W Tanzanii codziennie ginie około 30-u słoni. W skali miesięcznej liczba ofiar kłusownictwa przekracza 800 osobników. W 1977 r. na terenie kraju żyła populacja licząca 1,3 mln słoni, podczas gdy liczba tych zwierząt na rok 2012 kształtuje się na poziomie 470 tys.

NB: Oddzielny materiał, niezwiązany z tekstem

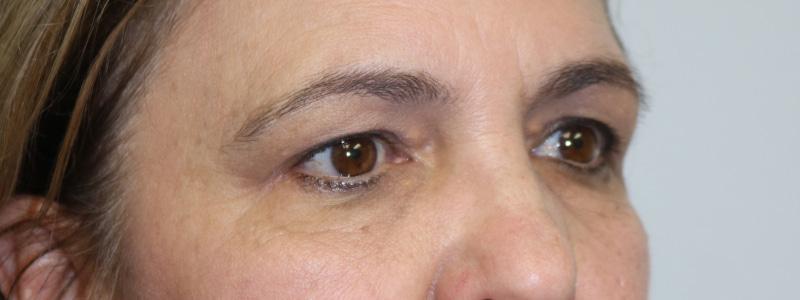 ARC Plastic Surgery brow lift result — Miami, FL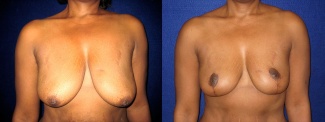 Frontal View - Breast Lift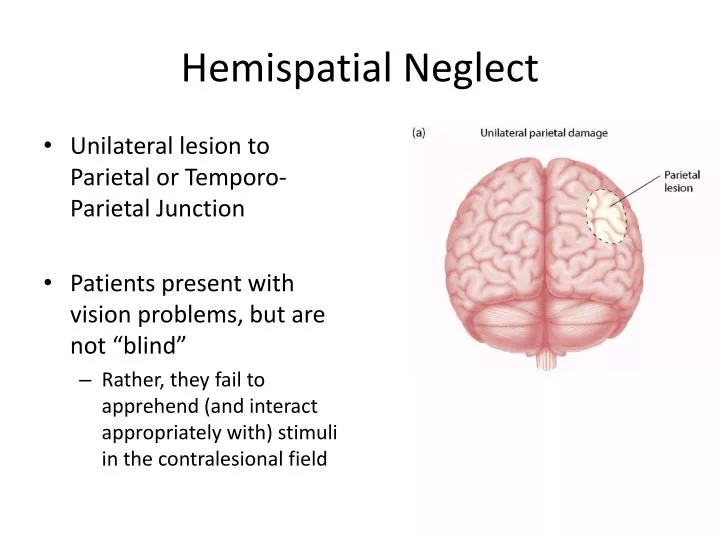 hemispatial neglect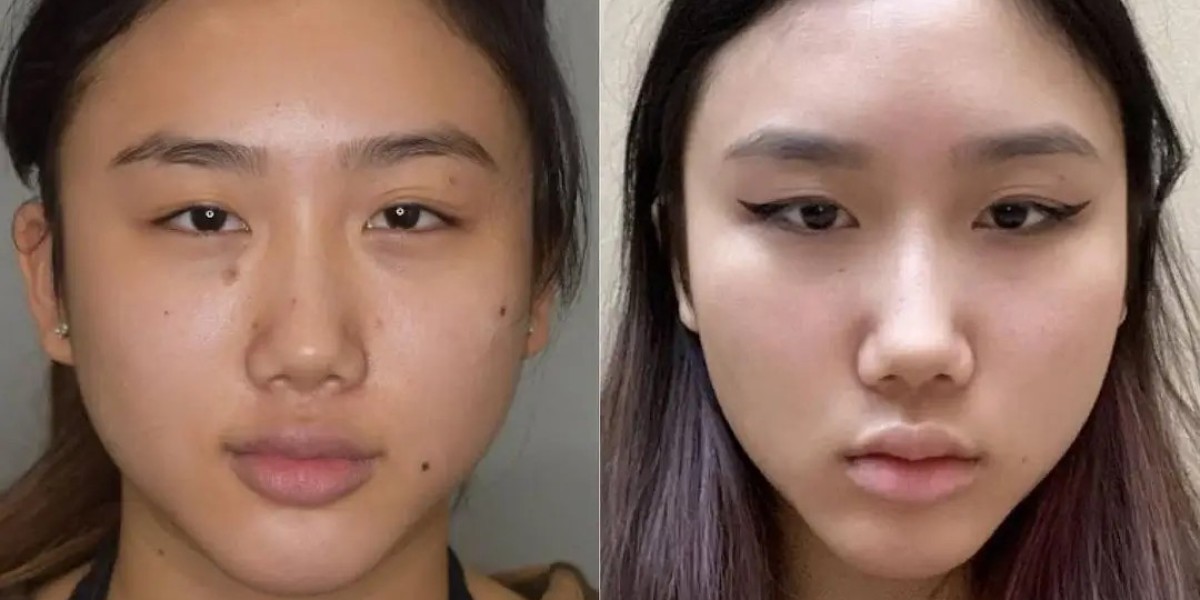 Best Buccal fat removal Surgeons in dubai achieve refined contours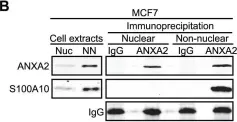 Fig.4.B showing Western Blotting in a Homo sapiens (Human) sample from the publication: Genotoxic agents promote the nuclear accumulation of annexin A2: role of annexin A2 in mitigating DNA damage.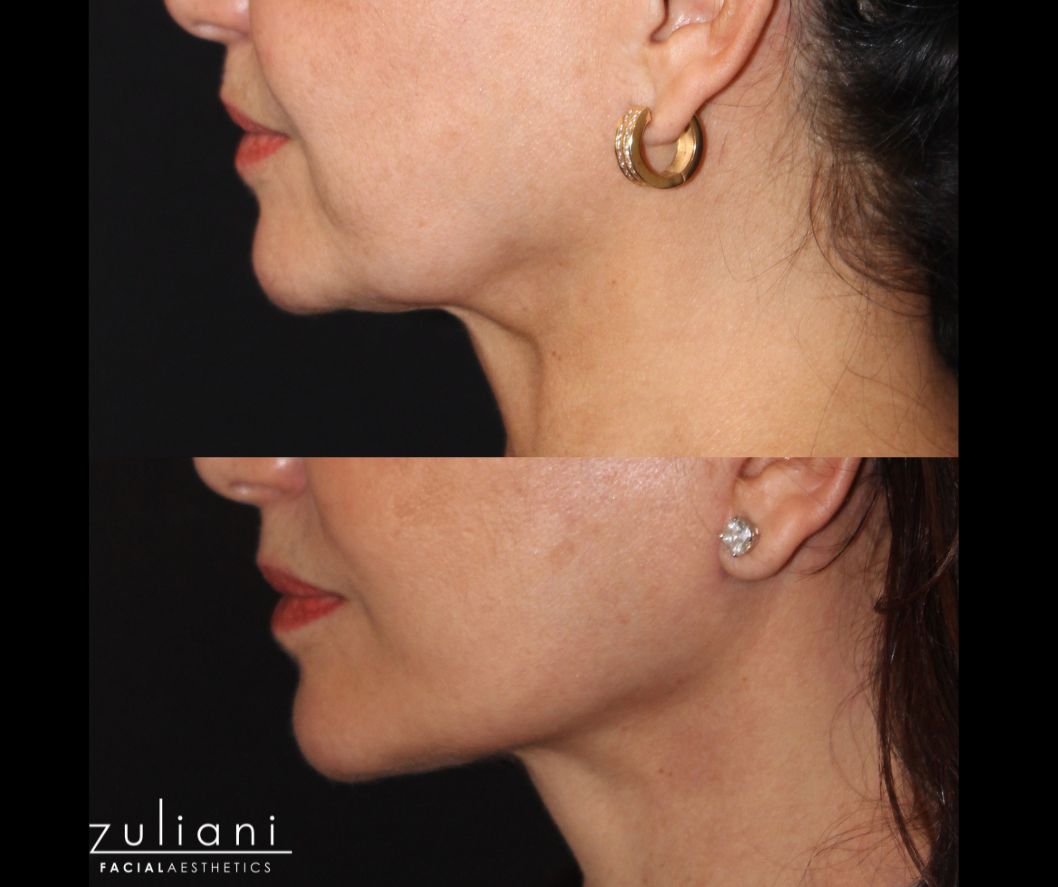 Patient #186 Marge Image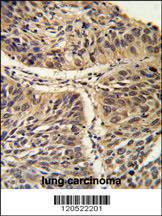 Anti-T-complex Protein 1 Subunit gamma Rabbit Polyclonal Antibody (AP (Alkaline Phosphatase))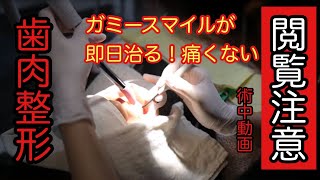 閲覧注意　歯肉整形　施術中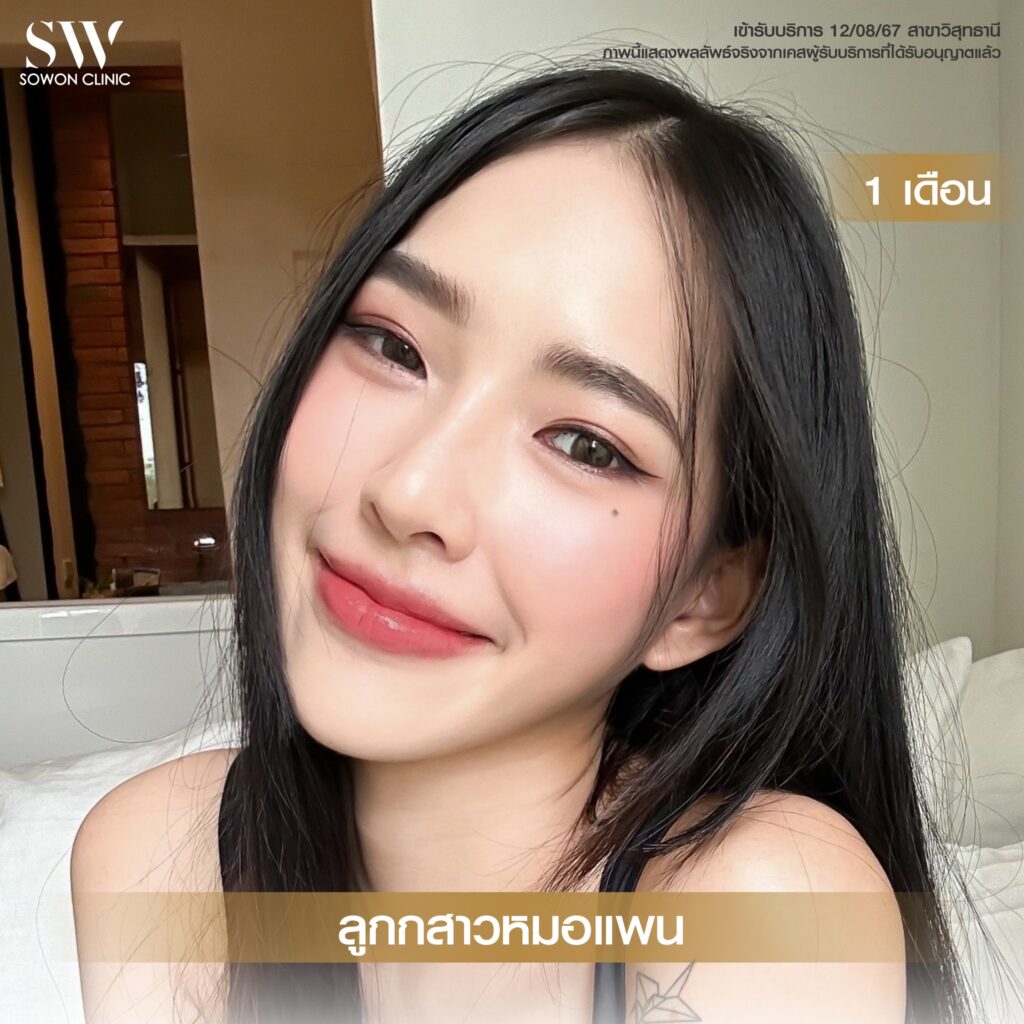 เสริมคาง คุณเฟิร์น04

Problem kłusownictwa nie odnosi się jedynie do słoni. Dotyczy większości zagrożonych gatunków, których skóry, kły czy mięso wciąż są uznawane za cenne trofea i znajdują licznych odbiorców na zagranicznych rynkach zbytu. Nie dziwi więc fakt, że częstym kontrargumentem polityków afrykańskich na naciski państw zachodnich, które domagają się efektywniejszego zwalczania kłusownictwa jest stwierdzenie, że gdyby obywatele Europy czy USA nie kupowali kości słoniowej, to kłusownicy nie mieliby możliwości jej sprzedaży. Gdyby więc kłusownikom nie opłacało się zabijanie chronionych gatunków, spadłaby liczba ich ofiar.
Kłusownictwo jest zagadnieniem złożonym i trudnym do zwalczania. Eliminacja bezprawnego zabijania zwierząt nie zależy jedynie od decyzji oraz planów władz państw, na terenie których znajdują się rezerwaty oraz parki narodowe.